My mum’s been crying- apparently things with my Auntie aren’t looking good. I couldn’t really ask for any clarification on the situation, she was pretty upset- and still is.
I’m pissed off at the moment. Pissed at my friends mainly, I recently got an invitation from one of my friends asking me to a party- she’s not one of the people that I’m really angry at, we get on quite well and she hasn’t done anything to upset me. It’s the first kind of contact I’ve had in over a month from anyone, I feel incredibly lonely at the moment. I’m terrified about my Auntie and am trying to look after my mum and brother and shoulder most of the emotional crap that’s coming from them. I‘m not saying it’s a bad thing, or complaining about it- I like having something useful to do for once.
I want someone to comfort me.
It’s all I’ve ever wanted. The worst moments are when I’m losing at and the pain inside is so bad that it seems to claw its way out, leaving me sat there, on the floor with my arms wrapped so tightly around myself that I can barely breathe in a pathetic attempt at self comfort.
I have all these emotions rapidly firing off in various directions and I really don’t know what to do with myself. This next week’s going to be hectic- on Friday the hospital make some sort of decision as to what to do about my Auntie but we’re going to be in Suffolk. Mum said that we may have to drive back home on Friday if the need arises.

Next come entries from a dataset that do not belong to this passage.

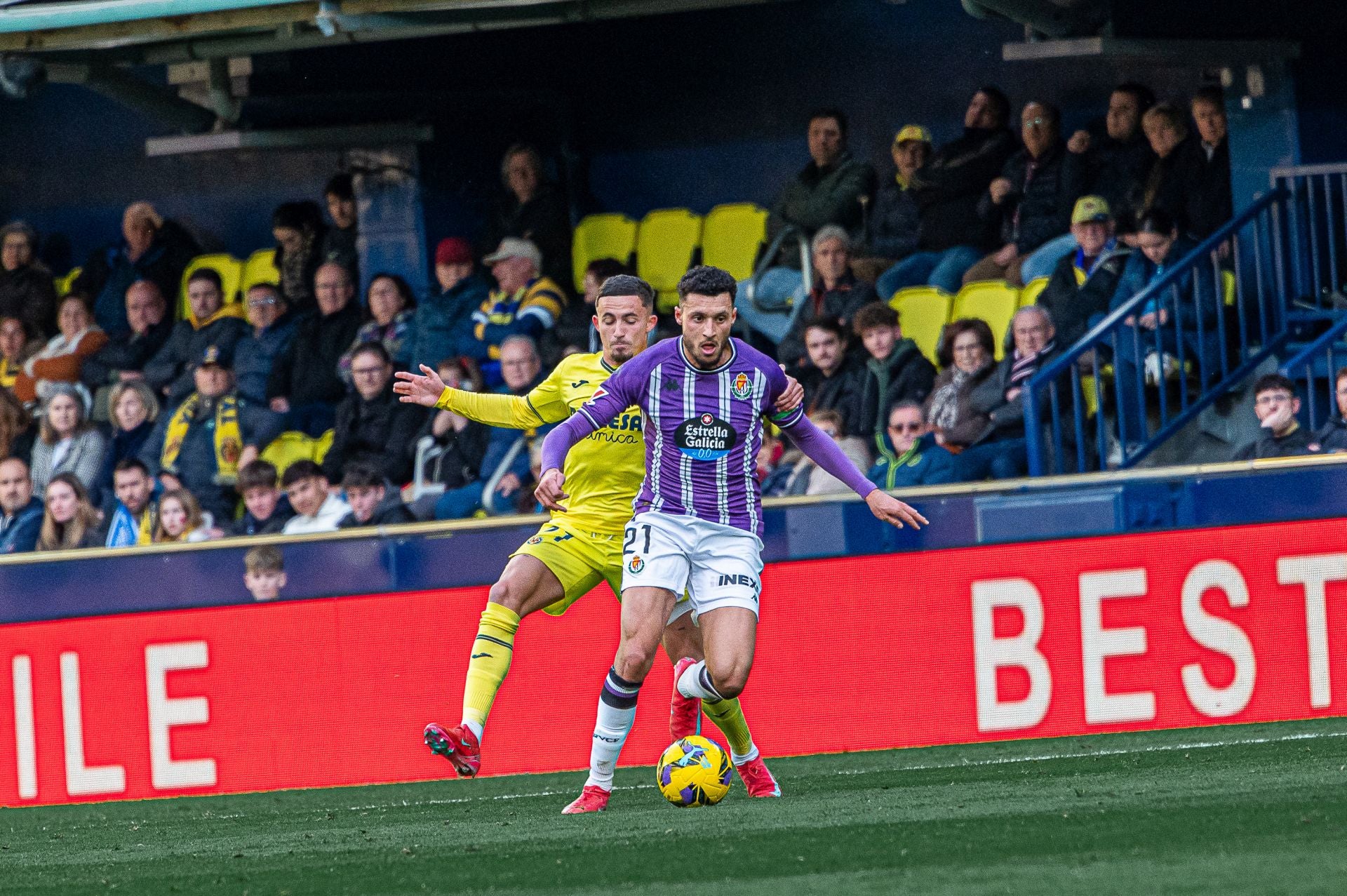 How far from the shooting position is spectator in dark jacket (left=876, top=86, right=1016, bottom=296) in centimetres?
1180

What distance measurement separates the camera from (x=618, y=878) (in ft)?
16.7

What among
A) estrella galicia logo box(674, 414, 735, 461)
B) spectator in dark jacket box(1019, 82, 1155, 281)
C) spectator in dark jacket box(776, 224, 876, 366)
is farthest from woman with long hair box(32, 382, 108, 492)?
estrella galicia logo box(674, 414, 735, 461)

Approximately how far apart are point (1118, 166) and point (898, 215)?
1.40m

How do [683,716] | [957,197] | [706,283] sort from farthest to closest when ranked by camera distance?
1. [957,197]
2. [683,716]
3. [706,283]

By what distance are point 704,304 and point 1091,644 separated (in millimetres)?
3190

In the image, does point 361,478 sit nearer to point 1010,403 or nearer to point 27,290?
point 1010,403

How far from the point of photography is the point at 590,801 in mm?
6887

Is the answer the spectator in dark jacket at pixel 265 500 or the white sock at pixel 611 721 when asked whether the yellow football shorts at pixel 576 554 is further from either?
the spectator in dark jacket at pixel 265 500

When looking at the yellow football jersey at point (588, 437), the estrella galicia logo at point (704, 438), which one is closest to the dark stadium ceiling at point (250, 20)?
the yellow football jersey at point (588, 437)

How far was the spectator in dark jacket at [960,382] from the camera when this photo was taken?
10.5 m

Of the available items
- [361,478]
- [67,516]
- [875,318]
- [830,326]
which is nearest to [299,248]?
[67,516]

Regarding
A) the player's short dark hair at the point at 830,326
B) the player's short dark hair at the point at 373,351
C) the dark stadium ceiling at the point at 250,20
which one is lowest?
the player's short dark hair at the point at 830,326

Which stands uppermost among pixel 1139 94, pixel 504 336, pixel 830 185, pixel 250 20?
pixel 250 20

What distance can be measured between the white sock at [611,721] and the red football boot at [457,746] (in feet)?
1.34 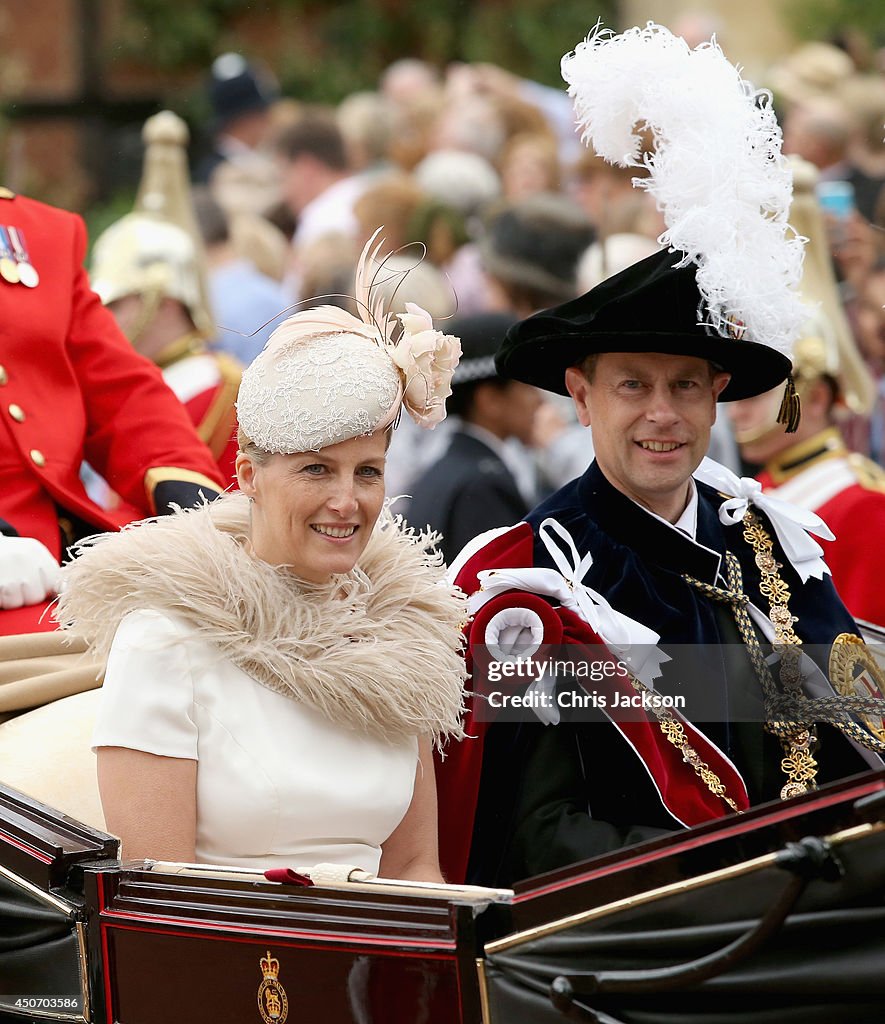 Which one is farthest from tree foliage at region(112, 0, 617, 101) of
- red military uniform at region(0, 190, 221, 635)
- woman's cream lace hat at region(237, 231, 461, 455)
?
woman's cream lace hat at region(237, 231, 461, 455)

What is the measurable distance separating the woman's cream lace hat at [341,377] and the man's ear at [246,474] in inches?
2.6

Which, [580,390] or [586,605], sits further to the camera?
[580,390]

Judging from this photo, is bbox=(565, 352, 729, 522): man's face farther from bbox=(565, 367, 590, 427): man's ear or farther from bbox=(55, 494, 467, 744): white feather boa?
bbox=(55, 494, 467, 744): white feather boa

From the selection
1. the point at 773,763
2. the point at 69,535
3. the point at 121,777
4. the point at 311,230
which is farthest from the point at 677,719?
the point at 311,230

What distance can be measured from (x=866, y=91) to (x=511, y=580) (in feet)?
17.5

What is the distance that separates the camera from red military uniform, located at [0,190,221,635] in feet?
11.1

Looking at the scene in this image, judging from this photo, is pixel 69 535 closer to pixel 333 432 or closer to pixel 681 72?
pixel 333 432

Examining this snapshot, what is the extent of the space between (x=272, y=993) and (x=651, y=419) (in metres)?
1.14

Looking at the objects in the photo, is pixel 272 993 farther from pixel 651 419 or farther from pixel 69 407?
pixel 69 407

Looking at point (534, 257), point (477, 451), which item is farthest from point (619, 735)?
point (534, 257)

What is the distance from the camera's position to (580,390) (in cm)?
302

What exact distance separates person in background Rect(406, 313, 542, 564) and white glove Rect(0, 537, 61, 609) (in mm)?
1487

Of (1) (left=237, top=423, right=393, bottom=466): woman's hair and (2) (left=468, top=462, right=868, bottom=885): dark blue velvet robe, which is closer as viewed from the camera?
(1) (left=237, top=423, right=393, bottom=466): woman's hair

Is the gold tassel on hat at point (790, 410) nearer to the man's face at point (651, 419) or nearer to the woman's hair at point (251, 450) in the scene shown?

I don’t know what we’re going to do if she dies. These last few days it’s felt like she’s going to be alright- like she’s just going to hop up and be fine again. I don’t do half measures and I’ve already gone through the ‘grieving’ and ‘relieved’ stages. I’ve been through the emotional response to both of the possible outcomes. I feel like a broken record, constantly on repeat.
My mum was upset so she wanted a night in front of the telly, so I took her place and went with my dad to see a performance by the Ukulele Project at the theatre. It was pretty awesome and lifted my spirits for the night. I would highly recommend them to anyone, they play fantastic music (I got so excited whenever they did a little drumbeat on the ukuleles, it was pretty geeky) and are very funny, in a cute, whimsical kind of way… and no, they’re not paying me to say this- trust me, if I had any kind of money I’d be out of this house in a heartbeat.
It was disgustingly hot today, I had to walk a loooong way from Trax to get home, mum and dad had gone to the hospital and I was too sore to go on my bike (the less said about that the better) so I made the long trek home through town.
I feel quite justified in describing the walk as a ‘fucking slog through the desert’ though I have been told that I’m good at utilising the hyperbole.
*Sigh* I have many more rants to write tonight, but for now feel free to enjoy some of my holiday snaps from my time in sunny Shrewsbury- yes, I know it’s not exactly Florida, but it’s as hot as I can deal with without passing out!
Listening to: Jenny was a Friend of Mine by The Killers; this is such a fucking creepy song! Seriously, I love it but it really scares me.